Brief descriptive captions
——————
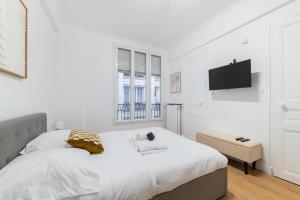 Studio elegant sacre coeur metro anvers - Paris 18 -2P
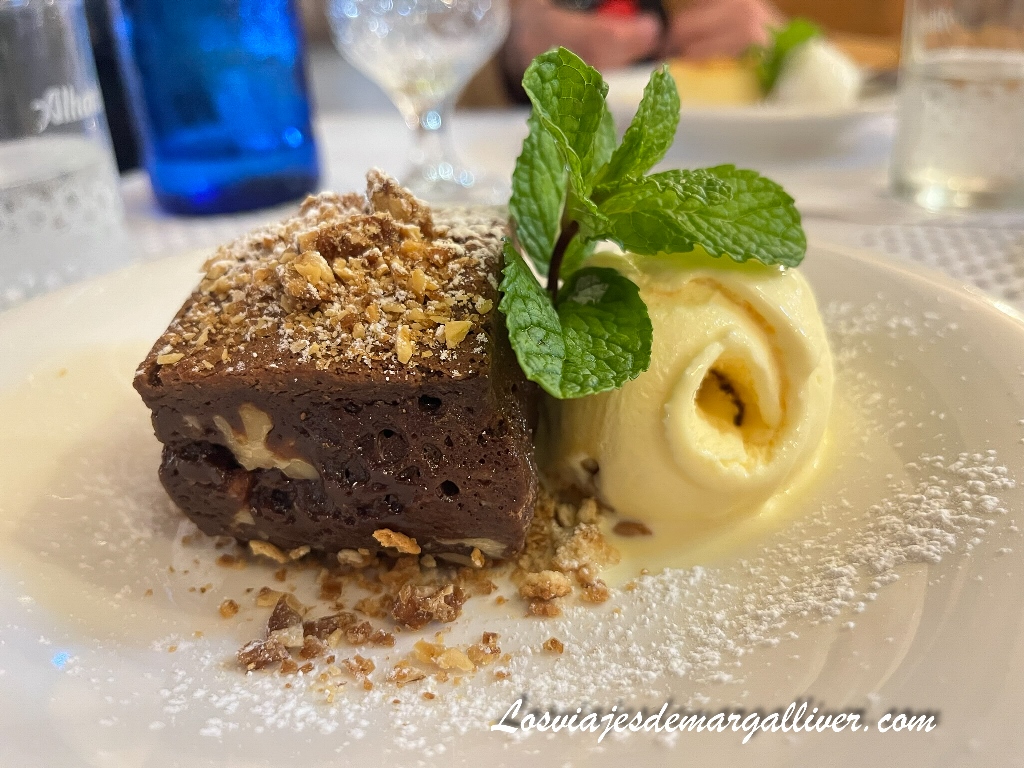 Brownie en el restaurante Catalina de Conil Brownie en el restaurante Catalina de Conil - Los viajes de Margalliver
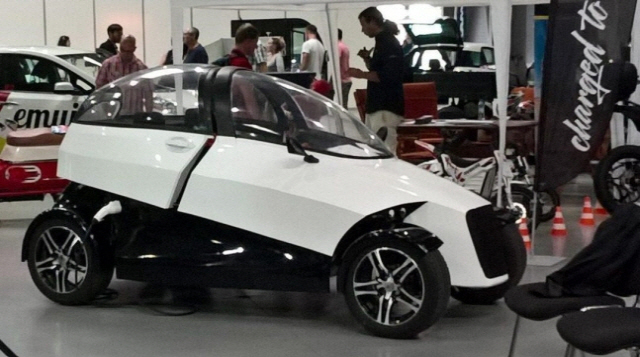 이탈리아 스타트업 XEV의 세계 최초 3D프린터 대량 생산 자동차 ‘LSEV’.       /CNBC방송 캡처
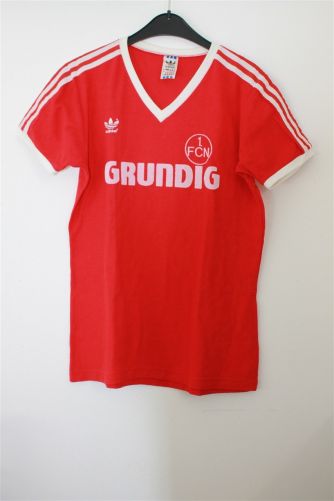 پیراهن اول 1. FC Nürnberg ۸۰-۸۱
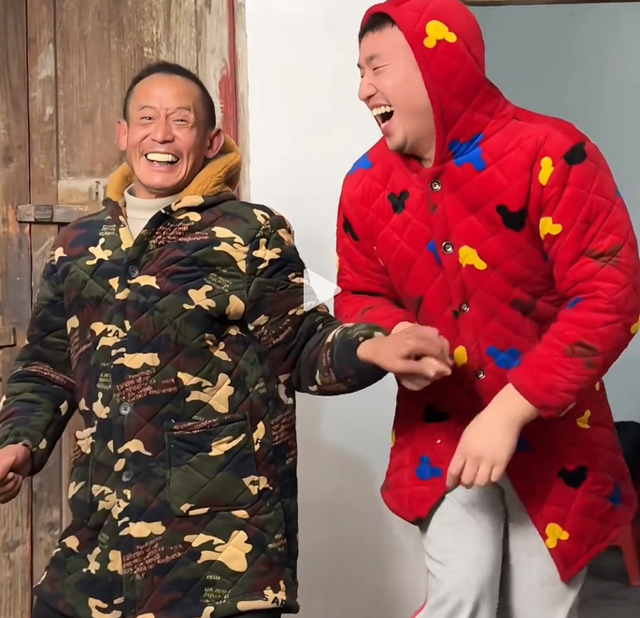 因一双高跟鞋改变命运，20多岁重庆小伙火出圈，央媒：正能量！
——————
**What the exercise asks:** Print exactly the lines between the line containing "Brownie en el restaurante Catalina de Conil Brownie" and the last line of the entries above, including both, and nothing besides; skip the pictures.

**Solved problem:**
 Brownie en el restaurante Catalina de Conil Brownie en el restaurante Catalina de Conil - Los viajes de Margalliver
 이탈리아 스타트업 XEV의 세계 최초 3D프린터 대량 생산 자동차 ‘LSEV’.       /CNBC방송 캡처
 پیراهن اول 1. FC Nürnberg ۸۰-۸۱
 因一双高跟鞋改变命运，20多岁重庆小伙火出圈，央媒：正能量！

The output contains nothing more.